I would encourage anyone to take the time to watch this TEDx talk or pick up the essay. It’s absolutely worth your attention.
Girl with a Pearl Earring, by Tracy Chevalier
This was another book sale purchase, but thankfully it was one that was already one my TBR list after hearing about it on a radio show a few months ago. Chevalier was interested in the background to Vermeer’s famous painting, Girl with a Pearl Earring, and so decided to novelize it. These kinds of historical novels are probably my favorites, so I was eager to dive in.

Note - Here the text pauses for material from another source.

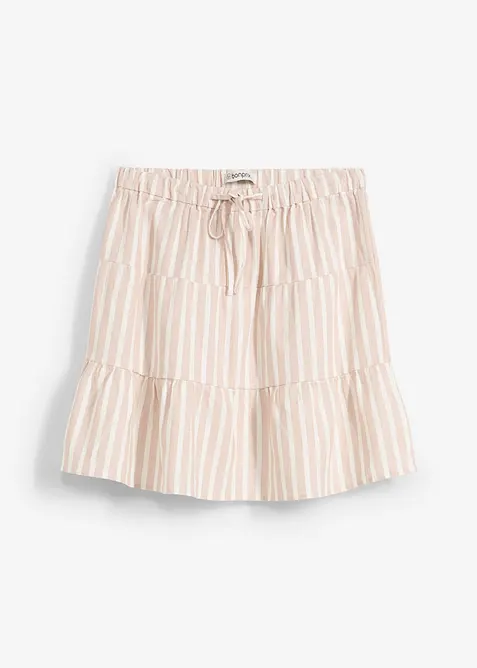 Vådsydd kjol av luftig linnemix, bonprix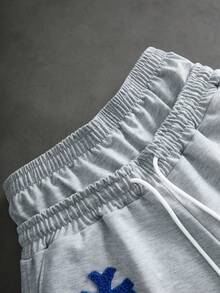 PAVTROS Men's Drawstring Waist Cross Flocked Casual Shorts - Light Grey - View 5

Griet is 16, the daughter of a tile painter who was recently made blind in an accident. To make ends meet, her mother arranges for Griet to work as a maid in the Vermeer household. She intends to keep her head down and do her work, but her curiosity and perceptive nature begin to draw her closer to Vermeer’s work and the painter himself.
It’s an incredibly researched novel; the setting feels alive and intimate with the grit of life in Delft. The characters felt a little less so, and I think Chevalier knows that is her weaker element and so leans more heavily on the setting. But it is an excellent novel for anyone with a love for art-based historical fiction.
Between the World and Me, by Ta-Nehisi Coates
Apparently I decided that April was the month for me to read books on highly charged topics.
This book is written as a letter from Coates to his teenage son, part memoir and part charge, dealing with the historical and modern oppression of black Americans. Coates is eloquently angry as he explains the ways in which black bodies are stolen and broken, sometimes in the figurative sense and sometimes in the literal. He reckons with the terrible history and burden of being black in America, and there is a palpable current of emotion flowing through his writing.
Parts of this book made me balk, made me think “Oh, that’s an oversimplification” or “That’s not fair.” But that’s why books like this one are important. Because my views and experiences as a white woman are not universal. Because there are certain histories I will never have to reckon with or hurdles I will be forced to jump because of the color of my skin. Just because I don’t personally encounter an obstacle doesn’t mean it doesn’t exist for so many other people (the same thing can be said in regards to feminism, too). We have to pay attention to the stories of others around us. We have to seek to understand when they are angry, why they are angry. Dismissing it does far more harm because it only serves to divide us further.
*I gave the book 5 stars, but I honestly don’t consider myself qualified to really rate this book. This book is not truly for me. But it did help me, and I wanted to give it a rating to reflect that.
Favorite book this month: We Should All Be Feminists
Most likely to re-read: We Should All Be Feminists
Most likely to recommend: We Should All Be Feminists and Between the World and Me
And that’s my April in books! As always, recommendations are welcome. And if you’d like to discuss any of the books above (you know the ones I’m talking about), please reach out.
Keep reading and support your local libraries (and their book sales!).